Eventually, as the sun sank behind the horizon, I called to Bill that I would have five more casts and then pack it in. He agreed. On the fourth one, I caught a perch of about 3oz – the true full stop beneath the exclamation mark at the end of the blankest day imaginable. For all that that day is etched indelibly into my memory, there are lessons to be learnt from it. First and foremost, we should have stayed at home. Hot, bright, still summer days and good fishing do not sit comfortably together, especially when the fishing in question is on a large reservoir about which one knows nothing at all. On those sorts of days and on those sorts of waters, knowledgeable locals might just be able to find a fish or two; first-time visitors are most unlikely to do so.

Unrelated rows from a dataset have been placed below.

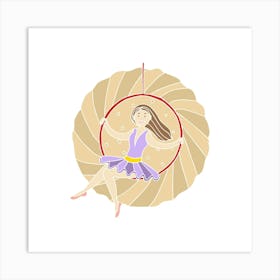 Shortbread Ring Girl Aerial Artist, Fun Circus Animal, Cake, Biscuit, Sweet Treat Print, Square Art Print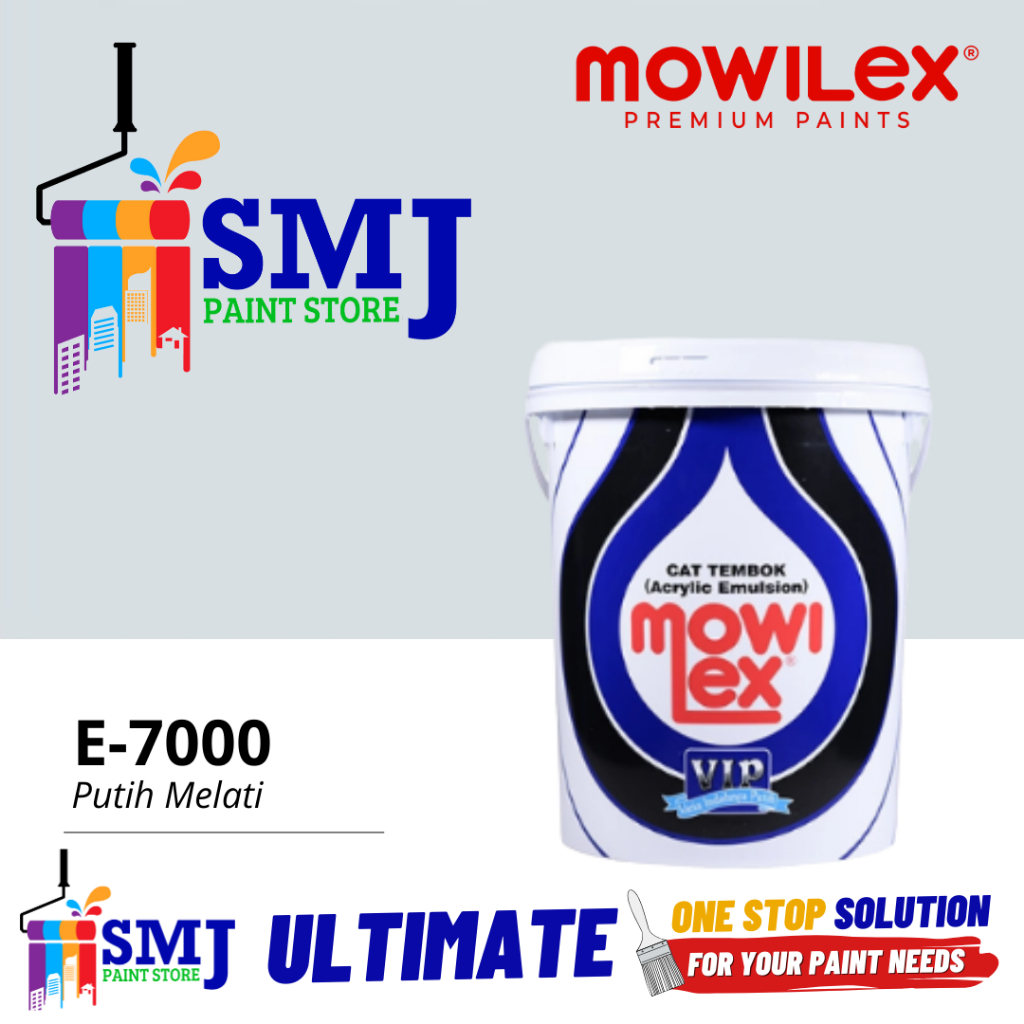 Cat Tembok Interior MOWILEX EMULSION Warna Putih Melati E7000 TINTING 2,5L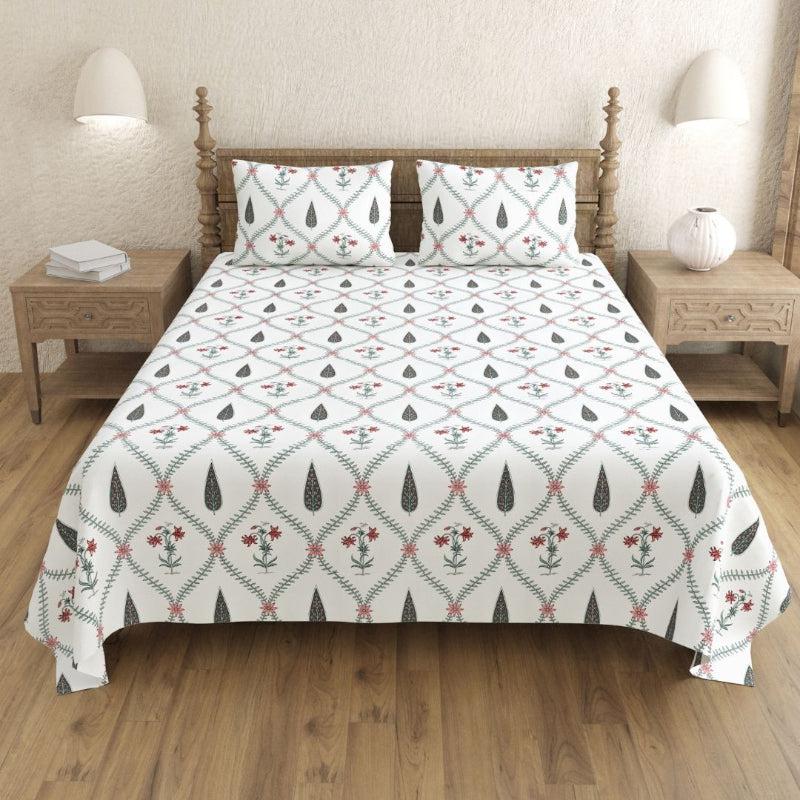 Bedsheets - Shlok Ethnic Bedsheet - White & Green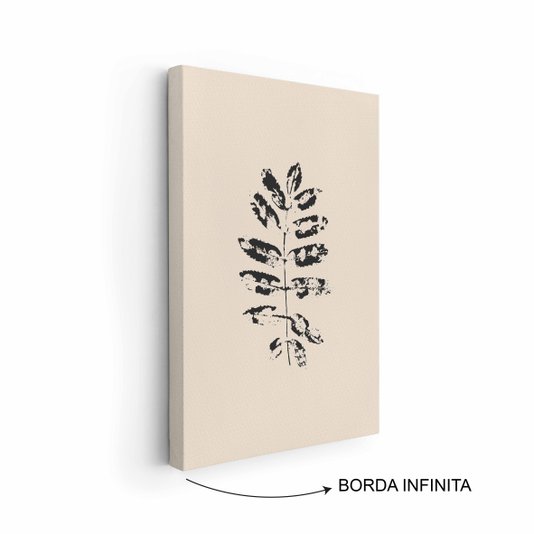 Quadro Em Tela Canvas Folhas Abstratas Minimalistas Estilo Japandi
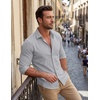 image:imageCOOFANDY Mens Stretch Dress Shirts Muscle Fit Wrinkle Free Long Sleeve Button Down Shirt Business Casual ShirtsLight Grey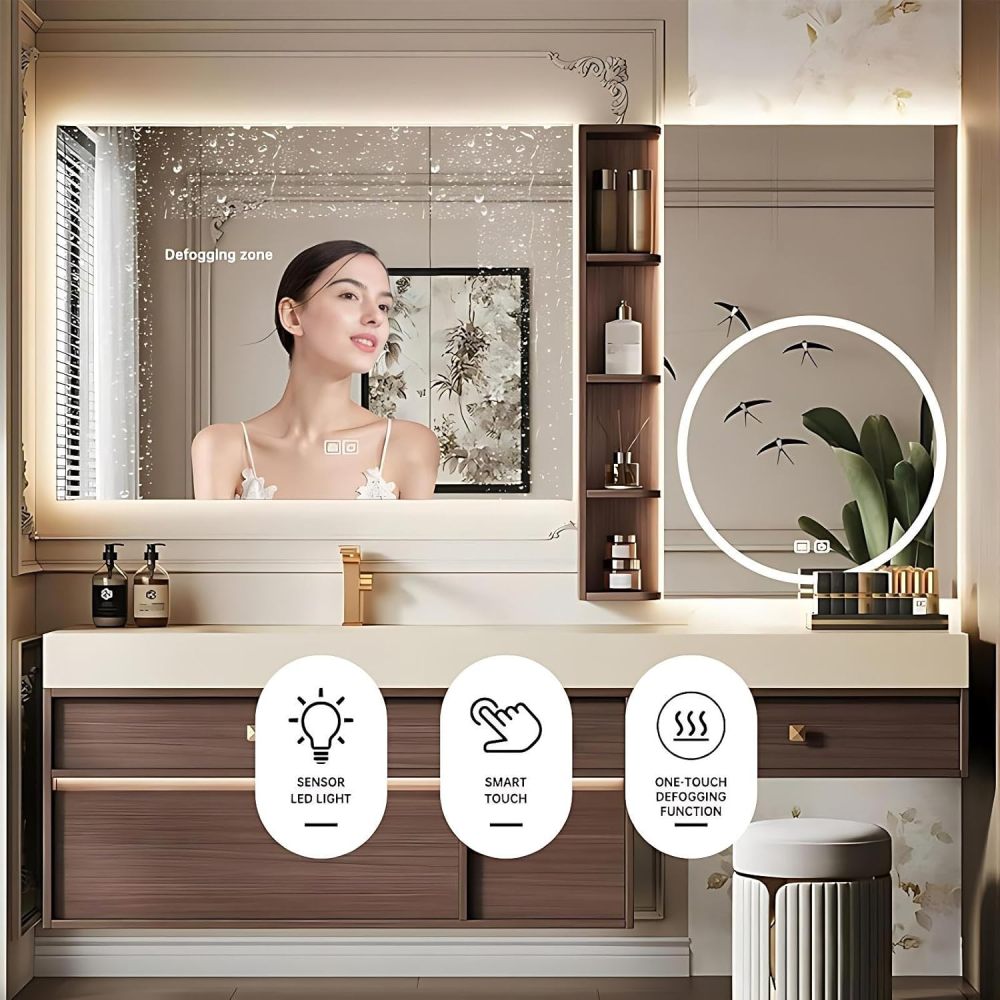 104IN Bathroom Vanity - Single Sink Bathroom Vanity with Makeup Table, Defog Mirror Cabinet and Open Shelf, Solid Wood Bath Sink Cabinet, Complete Accessorie, Includes Makeup Stool, Wood A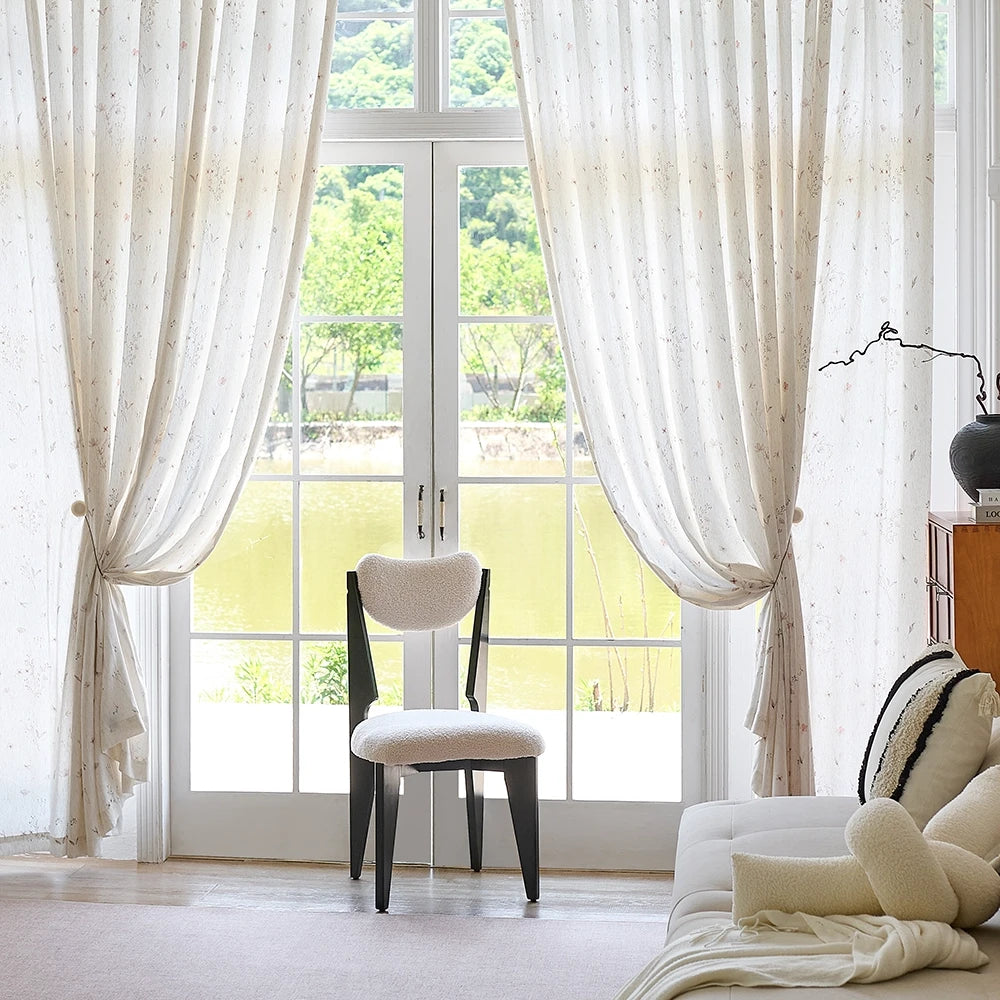 Adelise 800-1 scene 14 mist beige linen textured floral sheer curtains showcasing natural drape and light filtering
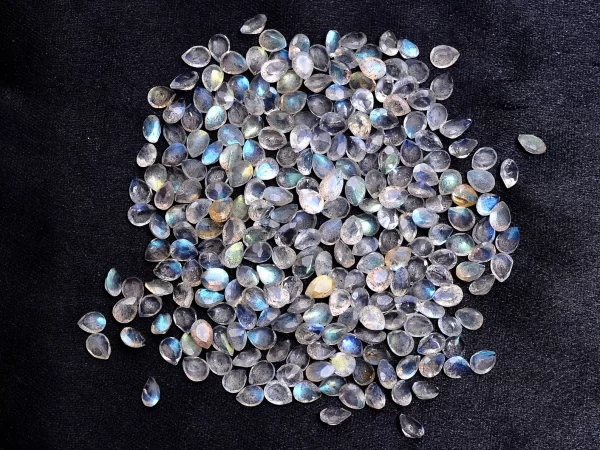 AAA+ Labradorite 6x4mm Faceted Pear Cut Loose Gemstone | Natural High Moonstone Semi Precious Gemstone Faceted Labradorite Calibrated Stone
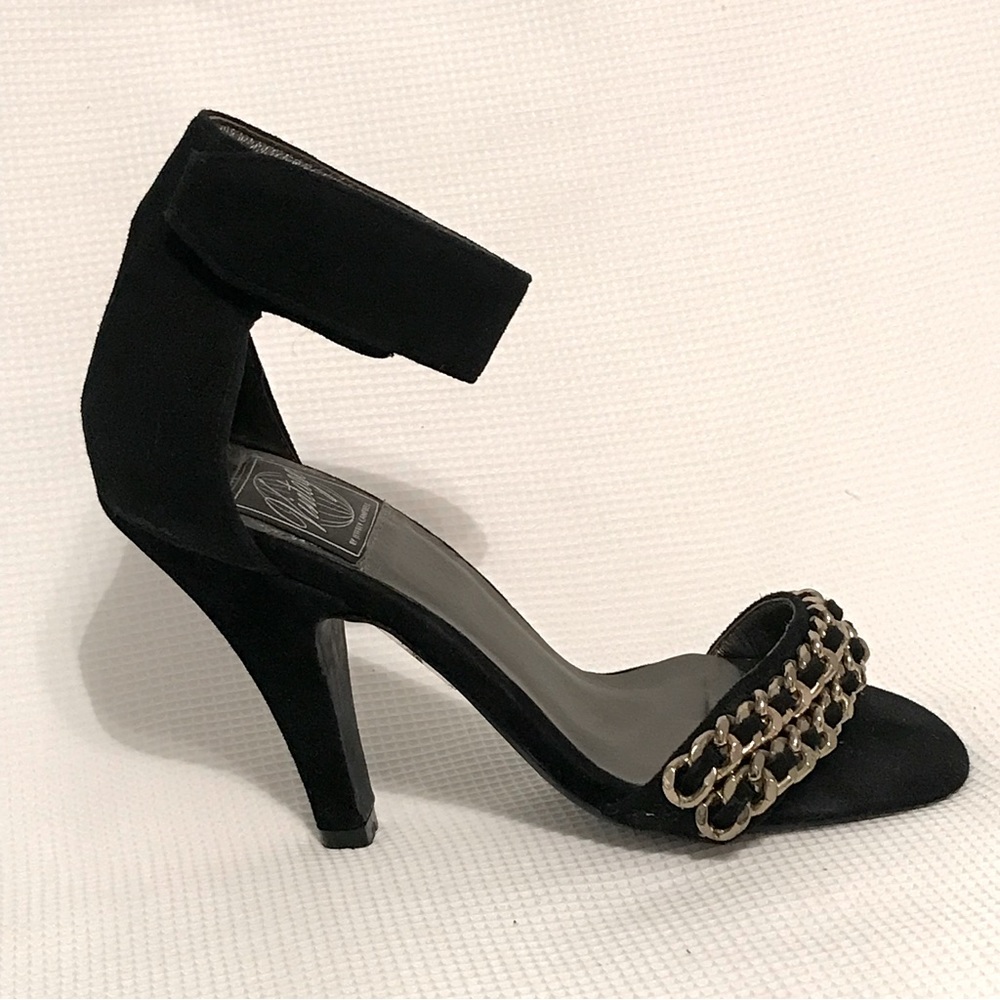 Jeffrey Campbell Black Suede Hough Ankle Strap Heel Size 5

Second, having committed ourselves to going, we should have sought advice from the reservoir staff, and followed it. They know where fish are being caught, on what, and how. And they want their customers to enjoy their sport and return. (I have frequently been told by fishery wardens of the number of times they give visiting anglers the best possible advice on where and how to fish, only to see them head off in the opposite direction, do something completely different and then moan about the ‘poor management’ of the water.
Thirdly, occasional blank or very difficult days can actually be valuable. The memory of them makes good days better, and if fishing was always easy it wouldn’t be fun.